Dopo le polemiche sull’organizzazione dello Sportfimfestival al teatro Pirandello, con zero spettatori, Alberto Re (uno degli organizzatori ndr) si è tolto la vita

La famiglia scrive lettera alla città.  “Voleva contribuire ad elevare il dibattito culturale, non gli è stato concesso, sui social viaggiano sentenze di condanna senza nemmeno il capo di imputazione”.

I fatti

La polemica è nata dopo la prima serata del Festival Internazionale del cinema sportivo che ha visto al teatro Pirandello senza nessun spettatore per il primo film in concorso “William & Mansell” dedicato al grande campione inglese di Formula Uno.

Le immagini della sala vuota hanno fatto il giro dei social, con feroci critiche, vignette satiriche e polemiche di cui si sono occupati  anche i giornali.

Nelle foto che circolavano sul web si vedeva una platea  vuota e presenza solo di uno piccolo gruppo di vigili del fuoco. Non c’era il pubblico, non c’erano il sindaco Francesco Miccichè né l’assessore alla cultura Costantino Ciulla.

La cosa incredibile è che nonostante il Festival sia giunto alla 43esima edizione e costata al Comune 35 mila euro,  nessuno o quasi sapeva dello svolgimento della manifestazione che si doveva svolgere  nell’ambito delle iniziative per Agrigento Capitale Italiana della Cultura del 2025. E da qui le critiche e l’ insano gesto.

La lettera della famiglia

“Alberto Re – scrivono i familiari- era un uomo prima che un padre, un marito e un nonno, un fratello e uno zio, un suocero, amante della vita, delle belle parole. Non amava infingimenti, ha fatto del garbo il suo stile di vita. Noi ci teniamo, perché siamo la sua famiglia, a raccontarlo per quell’uomo che mai si è sottratto alla onestà intellettuale e che sempre ha sorriso alle storture che possono capitare. Fino a qualche giorno fa. Poi l’onta che sale e che scalfisce, che non arretra e che violenta verbalmente una persona, ha consumato il vero danno. L’insano gesto è avvenuto in solitudine, nessuno della famiglia era presente, così come erroneamente riportato”.

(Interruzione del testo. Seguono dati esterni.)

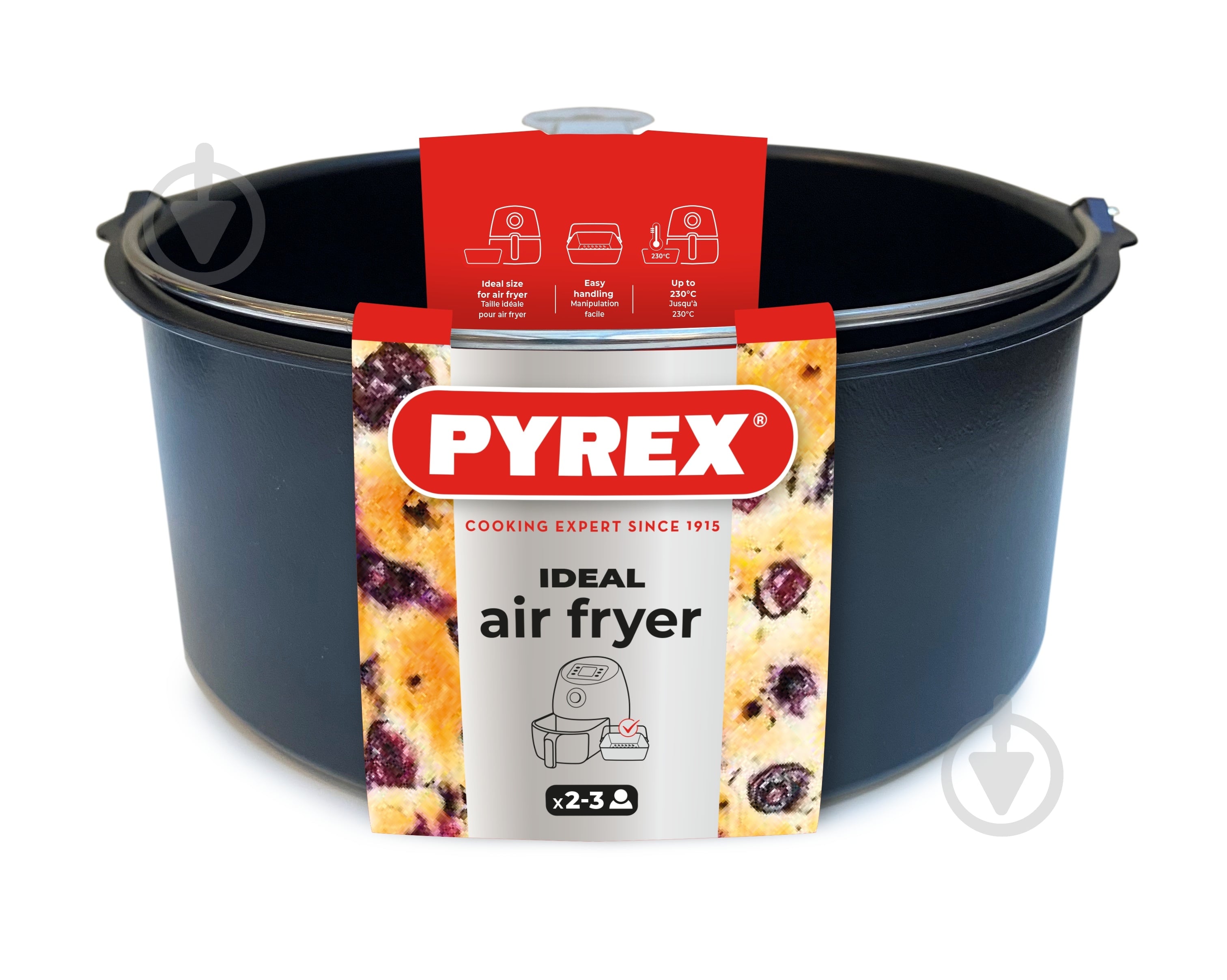 Форма для выпекания Pyrex 20х19х7,5 см AIRFRYER - фото 1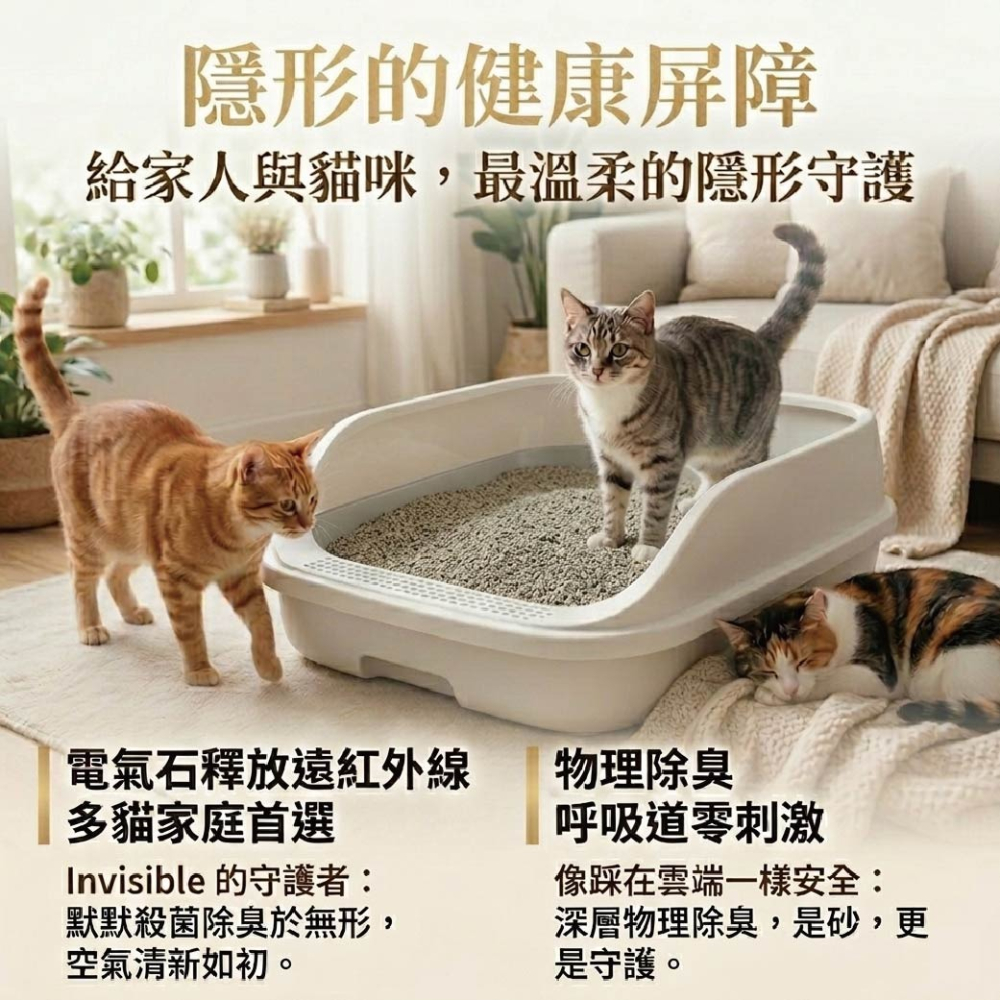 寵物部長 全新改款 蒙脫石礦砂3.0拿鐵版 蒙脫石礦砂 礦砂 負氧離子+遠紅外線 無粉塵 除臭 三秒凝結 貓砂-細節圖3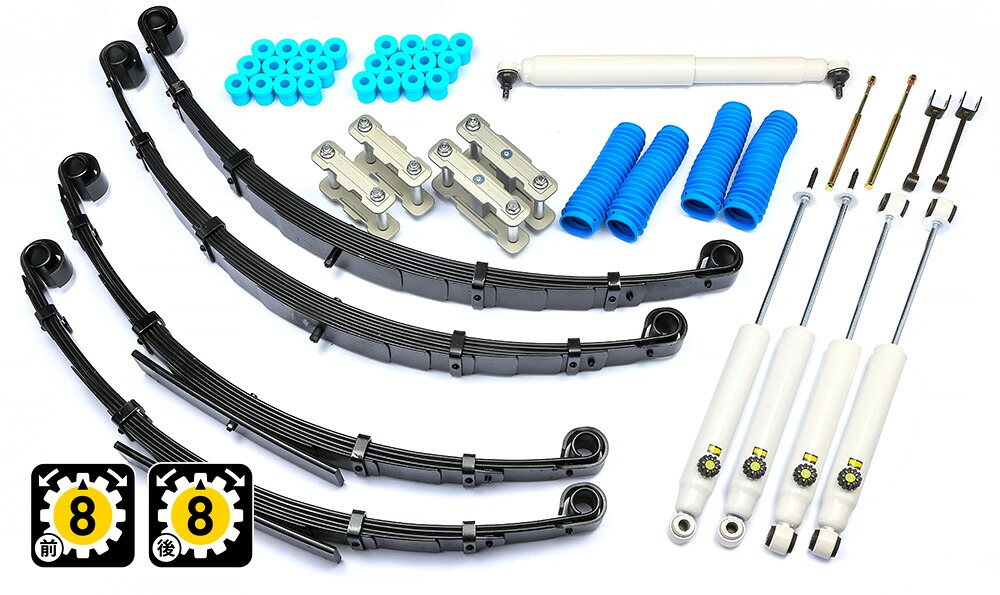 4X4エンジニアリング カントリーサスペンションキット(90mmアップ) ランドクルーザー60/HJ61V（年式/S62.8～H1.9）【代引き不可】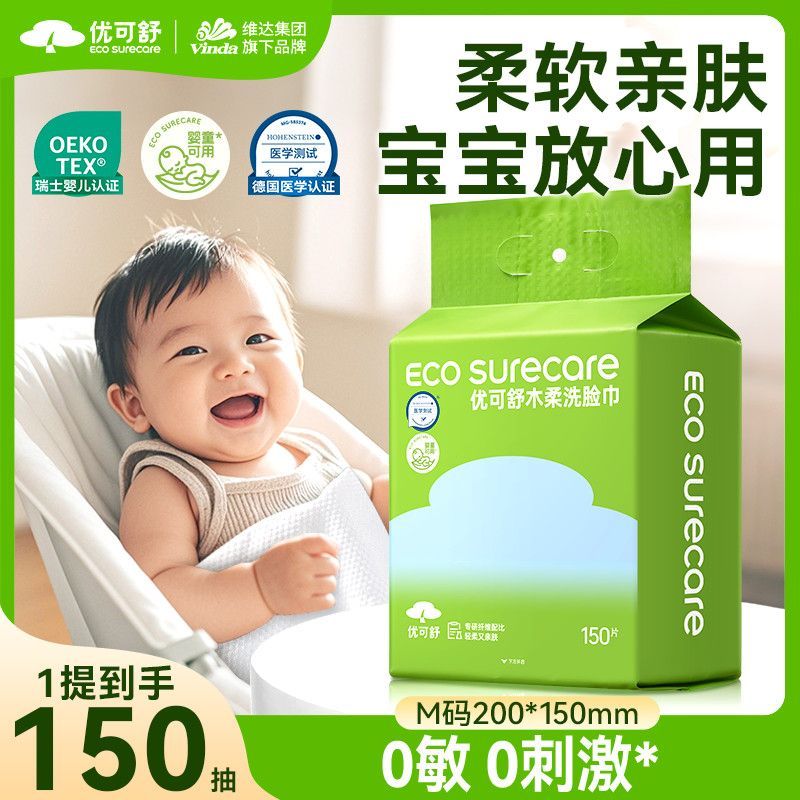 维达优可舒悬挂式一次性150抽洁面巾 18.9元 - 线报酷 维达优可舒悬挂式一次性150抽洁面巾 18.9元 - 线报酷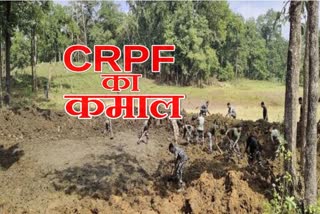 CRPF jawan initiative to save natural water sources in abujhmad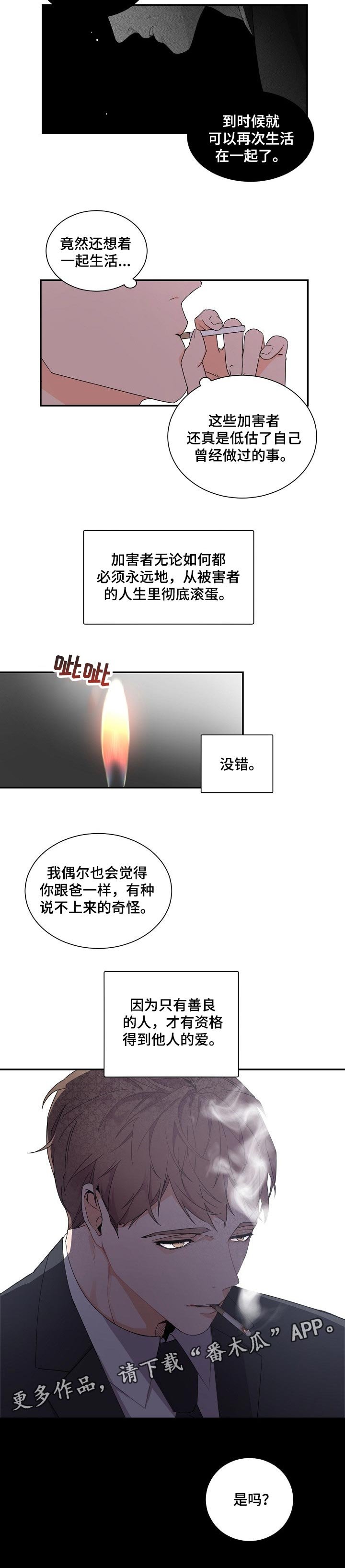 第46章：善良的人才有资格被爱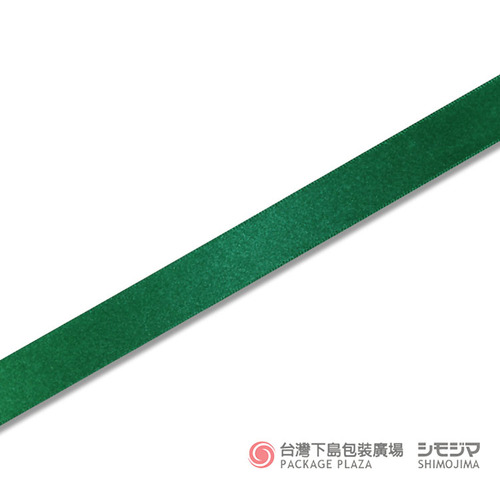 亮面緞帶／18mmX20m／正綠色  |商品介紹|禮物包裝|緞帶|素面緞帶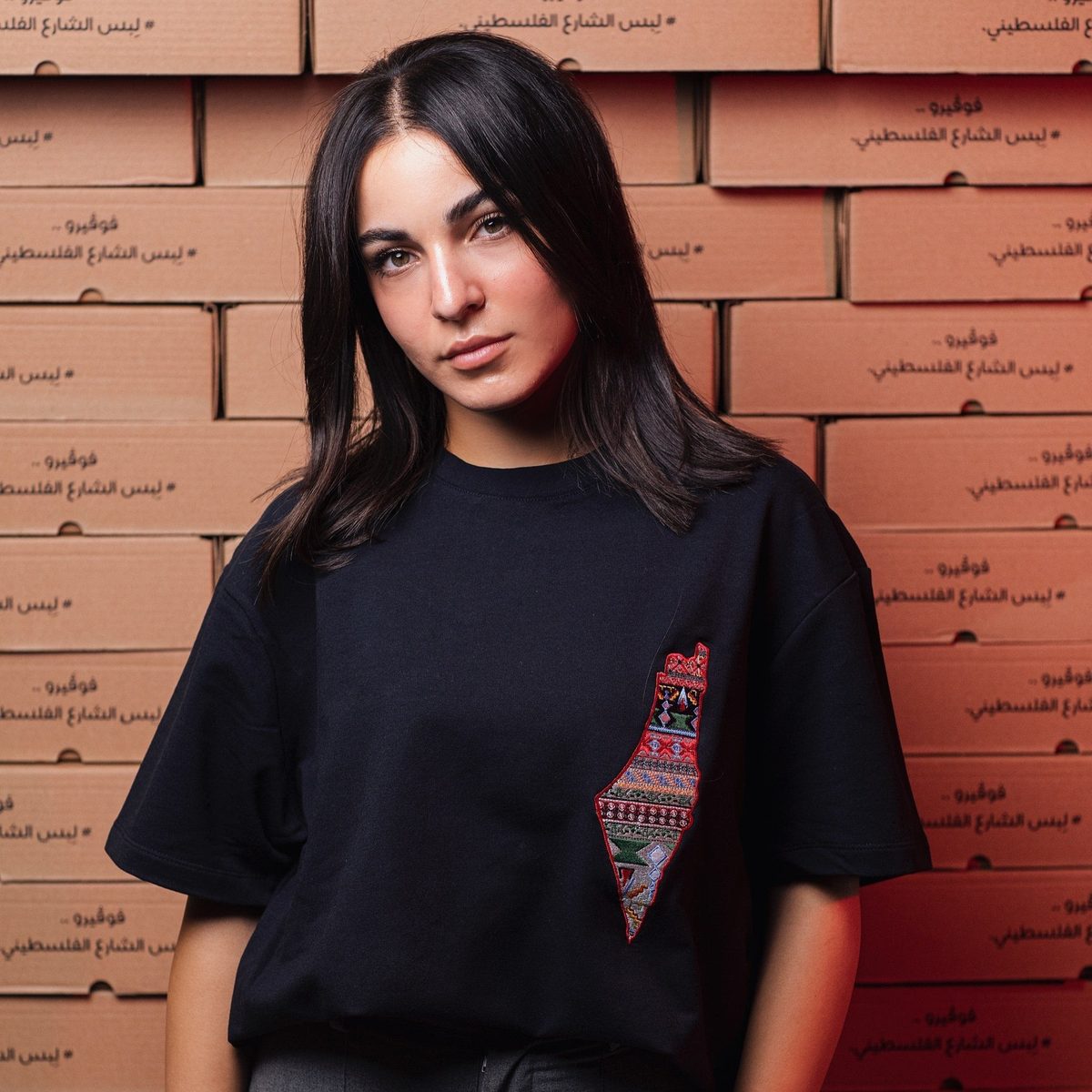 اوڤر سايز تيشيرت - خريطة فلسطين 2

La missiva continua: “Lui, che era un moderatore, che amava la pace, donandola, ha combattuto con  gentilezza quell’ingrato giudizio sommario, senza alcun fondamento, che lo ha reso fragile. Alberto amava scherzare, conosceva la delicatezza della sua amata Agrigento, voleva contribuire ad elevarne il dibattito culturale, non gli è stato concesso, sui social viaggiano sentenze di condanna senza nemmeno il capo di imputazione”.

“Si apra una riflessione”

Prosegue la famiglia nella lettera: “Si apra una riflessione su quello che è accaduto, lo si deve ad Alberto, perché mai più ci si possa trovare di fronte alla tempesta senza vestiti. Perché mai più ci si scaraventi contro un uomo con tale veemenza. Facciamo nostre le parole del Prefetto Romano, che ringraziamo per la sua grande lezione: ‘È cruciale evitare il ripetersi di simili vicende, la critica politica e giornalistica legittima ha superato i confini dell’umanità. Tutti coloro che ricoprono ruoli amministrativi devono impegnarsi a prevenire simili disonori’. Ringraziamo tutta la città di Agrigento per l’affetto enorme che sta dimostrando nei confronti della nostra famiglia, quanti si stanno unendo al dolore perché conoscevano l’uomo e il suo spessore”.